By Joe Mellor, Deputy Editor

Like most people I am fairly dubious of polls these days, however according to an ICM poll for the Guardian Labour has drawn level with the Conservative Party.

The poll put Labour on 36% up a huge four points, leaving them tied with the conservatives down 3 points since December’s results. It is the first time labour has match the Tories since Corbyn came to power.

UKIP are unchanged on 11%, the Lib Dems up one point on 8% and the Greens are down one on 3%.

The results will be a great tonic for Corbyn who has become under increasing pressure from within his own party.
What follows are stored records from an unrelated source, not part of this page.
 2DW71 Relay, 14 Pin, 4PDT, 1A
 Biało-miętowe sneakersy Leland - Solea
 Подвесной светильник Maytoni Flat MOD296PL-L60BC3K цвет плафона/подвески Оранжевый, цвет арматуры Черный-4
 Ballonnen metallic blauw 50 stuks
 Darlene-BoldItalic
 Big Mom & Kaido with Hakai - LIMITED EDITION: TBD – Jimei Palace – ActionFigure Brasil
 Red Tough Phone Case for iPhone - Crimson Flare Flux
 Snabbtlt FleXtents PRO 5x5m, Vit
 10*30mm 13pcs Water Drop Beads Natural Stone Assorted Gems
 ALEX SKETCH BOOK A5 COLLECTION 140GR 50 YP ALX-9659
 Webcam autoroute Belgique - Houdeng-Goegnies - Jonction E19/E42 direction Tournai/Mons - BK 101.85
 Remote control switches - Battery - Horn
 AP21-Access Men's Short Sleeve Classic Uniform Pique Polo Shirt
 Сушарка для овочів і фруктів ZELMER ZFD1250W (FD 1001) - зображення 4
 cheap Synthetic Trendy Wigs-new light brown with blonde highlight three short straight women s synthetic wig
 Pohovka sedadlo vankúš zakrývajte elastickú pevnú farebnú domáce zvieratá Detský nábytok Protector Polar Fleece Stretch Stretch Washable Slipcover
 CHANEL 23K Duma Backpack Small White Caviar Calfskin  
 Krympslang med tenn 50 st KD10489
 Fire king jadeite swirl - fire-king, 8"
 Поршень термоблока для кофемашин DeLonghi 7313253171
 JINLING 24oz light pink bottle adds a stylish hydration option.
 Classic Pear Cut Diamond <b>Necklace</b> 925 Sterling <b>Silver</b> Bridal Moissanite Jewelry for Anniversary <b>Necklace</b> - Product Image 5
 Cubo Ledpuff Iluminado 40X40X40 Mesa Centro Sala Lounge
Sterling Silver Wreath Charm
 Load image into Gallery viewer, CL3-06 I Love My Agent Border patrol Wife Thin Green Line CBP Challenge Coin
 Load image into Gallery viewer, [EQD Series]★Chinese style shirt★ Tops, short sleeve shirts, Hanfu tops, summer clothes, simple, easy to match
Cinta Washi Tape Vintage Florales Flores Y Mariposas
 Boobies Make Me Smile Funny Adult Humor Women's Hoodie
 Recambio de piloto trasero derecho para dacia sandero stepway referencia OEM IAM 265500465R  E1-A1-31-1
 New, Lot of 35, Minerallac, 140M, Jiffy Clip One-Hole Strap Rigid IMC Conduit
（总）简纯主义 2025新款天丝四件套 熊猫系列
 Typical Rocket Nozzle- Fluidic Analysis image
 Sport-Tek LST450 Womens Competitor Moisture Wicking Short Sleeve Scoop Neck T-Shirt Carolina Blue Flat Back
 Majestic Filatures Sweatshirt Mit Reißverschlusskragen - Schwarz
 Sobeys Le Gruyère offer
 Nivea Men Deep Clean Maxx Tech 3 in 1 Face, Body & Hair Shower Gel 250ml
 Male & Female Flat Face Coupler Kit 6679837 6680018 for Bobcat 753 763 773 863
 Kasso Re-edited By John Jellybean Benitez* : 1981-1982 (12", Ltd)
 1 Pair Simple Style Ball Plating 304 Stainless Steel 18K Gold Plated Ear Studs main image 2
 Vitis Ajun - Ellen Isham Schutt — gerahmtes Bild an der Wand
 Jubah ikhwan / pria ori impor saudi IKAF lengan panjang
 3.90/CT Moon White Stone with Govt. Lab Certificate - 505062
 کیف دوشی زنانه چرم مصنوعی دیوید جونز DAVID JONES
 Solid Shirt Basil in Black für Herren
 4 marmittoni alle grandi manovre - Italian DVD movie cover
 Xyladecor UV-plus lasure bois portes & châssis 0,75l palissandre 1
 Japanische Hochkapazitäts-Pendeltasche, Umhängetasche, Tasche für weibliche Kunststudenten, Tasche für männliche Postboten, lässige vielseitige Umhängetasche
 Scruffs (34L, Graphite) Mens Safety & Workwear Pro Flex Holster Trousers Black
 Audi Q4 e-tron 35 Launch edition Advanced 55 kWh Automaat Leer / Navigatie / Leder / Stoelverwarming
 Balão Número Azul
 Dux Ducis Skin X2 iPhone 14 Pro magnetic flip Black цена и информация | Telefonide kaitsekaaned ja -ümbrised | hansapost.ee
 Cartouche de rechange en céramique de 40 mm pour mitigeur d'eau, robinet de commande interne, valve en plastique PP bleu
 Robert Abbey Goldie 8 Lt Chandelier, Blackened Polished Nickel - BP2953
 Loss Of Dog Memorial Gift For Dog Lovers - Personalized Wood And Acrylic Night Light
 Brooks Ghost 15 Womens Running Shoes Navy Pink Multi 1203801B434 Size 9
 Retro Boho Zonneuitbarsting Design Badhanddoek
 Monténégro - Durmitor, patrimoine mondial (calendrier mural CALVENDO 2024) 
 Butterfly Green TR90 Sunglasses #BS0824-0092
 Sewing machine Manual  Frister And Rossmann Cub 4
It may steady the ship as the party heads into May’s Welsh, London, Scottish and local elections.

Deputy leader Tom Watson recently called for calm in the Labour ranks amid speculation a leadership challenge is possible in the near future, with Dan Jarvis emerging as a possible rival.

However, Watson told MPs that party supporters are unlikely to want to see a challenge to Corbyn after he won the party leadership vote with a colossal 59 pe cent of the vote, only nine months ago.

Watson remarked: “The fundamentals are both Jeremy and I were elected last September on a very large mandate from our membership, they decided who the leader and deputy leader are and they do not want after nine months another leadership challenge.

“I hope that those MPs on all sides of this argument will pay heed to that.”

ICM said the fall in Tory support could be down to Tory infighting over Europe

“We have an unprecedented level of division within the Conservative Party over the EU, a battle which is very much being fought front and centre with the current Prime Minister on one side and a Prime Ministerial hopeful on the other.

“Under such circumstances, polling support tends to suffer – there’s nothing worse than party disunity to prompt a polling freefall.”

Pollsters have admitted the survey could be “rogue” and said that Conservative support was rounded down from 36.4% and Labour’s 35.6% had been rounded up.